It's important to note that the RT-qPCR tests used for detecting are very sensitive and can detect dead virus as well as live, infectious virus. This is why many people can still test positive for the virus months after recovery, when they are unlikely to be infectious.

Have the researchers been able to isolate infectious virus from stool samples? This is key information for determining whether fecal transmission is a concern.

bhobba
Ygggdrasil
Gold Member
I will move it over to general discussion now. The video was just an interview I added so people could hear and see the guy. But Jim is correct - the TV reporter/anchor/presenter was saying things not backed up by cited references that can be checked. My bad. Interestingly Professor Borody is not a big fan of HCQ which - in his exact words - it is a completely different beast to Ivermectin. He thinks Ivermectin is better and safer. And so do I - while generally considered safe HCQ does have issues - although the protocol for using it is only for 5-7 days at the usual dose recommended for the drug (200-400mg per day) so is unlikely to cause trouble. As Professor Borody mentioned the WHO even advocated widespread use of Ivermectin as a public heath measure:
https://www.who.int/bulletin/volumes/82/8/editorial30804html/en/

The United States Food and Drug Administration does not recommend ivermectin as a treatment for COVID-19, stating that additional work needs to be done to establish the safety and efficacy of the drug in humans:
Q: Should I take ivermectin to prevent or treat COVID-19?
A: No. While there are approved uses for ivermectin in people and animals, it is not approved for the prevention or treatment of COVID-19. You should not take any medicine to treat or prevent COVID-19 unless it has been prescribed to you by your health care provider and acquired from a legitimate source.

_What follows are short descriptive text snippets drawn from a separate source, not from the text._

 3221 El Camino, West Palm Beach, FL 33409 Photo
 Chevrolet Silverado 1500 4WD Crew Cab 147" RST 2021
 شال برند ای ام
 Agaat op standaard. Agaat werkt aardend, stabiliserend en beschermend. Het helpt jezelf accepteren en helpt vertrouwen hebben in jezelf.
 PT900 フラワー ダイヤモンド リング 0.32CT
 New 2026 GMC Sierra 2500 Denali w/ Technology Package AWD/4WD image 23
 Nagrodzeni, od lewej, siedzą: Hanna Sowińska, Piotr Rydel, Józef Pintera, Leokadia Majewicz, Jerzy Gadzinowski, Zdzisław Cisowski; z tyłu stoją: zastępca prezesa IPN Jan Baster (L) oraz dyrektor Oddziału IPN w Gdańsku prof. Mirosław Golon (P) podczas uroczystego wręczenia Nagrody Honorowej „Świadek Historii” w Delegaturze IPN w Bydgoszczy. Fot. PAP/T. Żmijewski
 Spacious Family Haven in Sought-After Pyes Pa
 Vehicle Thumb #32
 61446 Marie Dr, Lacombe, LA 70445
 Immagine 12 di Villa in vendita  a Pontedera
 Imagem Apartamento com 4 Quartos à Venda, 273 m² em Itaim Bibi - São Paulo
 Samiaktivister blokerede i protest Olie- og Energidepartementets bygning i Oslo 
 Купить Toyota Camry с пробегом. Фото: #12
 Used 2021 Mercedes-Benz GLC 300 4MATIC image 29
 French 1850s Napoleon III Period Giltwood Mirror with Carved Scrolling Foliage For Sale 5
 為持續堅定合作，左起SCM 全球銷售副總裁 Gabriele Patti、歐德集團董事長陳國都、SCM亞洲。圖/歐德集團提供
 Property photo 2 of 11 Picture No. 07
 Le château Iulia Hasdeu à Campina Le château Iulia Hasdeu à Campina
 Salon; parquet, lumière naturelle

A recently released research article described the effect of ivermectin on SARS-CoV-2 in a laboratory setting. These types of laboratory studies are commonly used at an early stage of drug development. Additional testing is needed to determine whether ivermectin might be appropriate to prevent or treat coronavirus or COVID-19.
https://www.fda.gov/animal-veterina.../faq-covid-19-and-ivermectin-intended-animals

Here's a good piece explaining problems with the study showing that ivermectin can prevent SARS-CoV-2 replication in cell culture:
A group at Monash Univ. showed a month ago that Ivermectin could inhibit the coronavirus in vitro. That paper is also a good review of the attempts at repurposing the drug in the antiviral space. The thing is, if you crank up the concentration, probably a lot of stuff will inhibit any given virus in vitro (relevant XKCD). The IC50 in their assay was about 2µM, and that number is where many medicinal chemists started getting off this particular boat. Micromolar cell-assay activity can certainly be real, but you’d generally want more potency than that as you move in vivo. The thing about Ivermectin is that it is effective against things like the river blindless parasite at really low doses: one 12mg or 18mg dose every few months. That’s not because it hangs around in the blood in high concentrations for that long – the compound’s half-life is a few hours, and it’s extensively metabolized as it goes through the liver. It does distribute strongly out into tissue, though, and that combined with its intrinsically high activity against the roundworms does the job.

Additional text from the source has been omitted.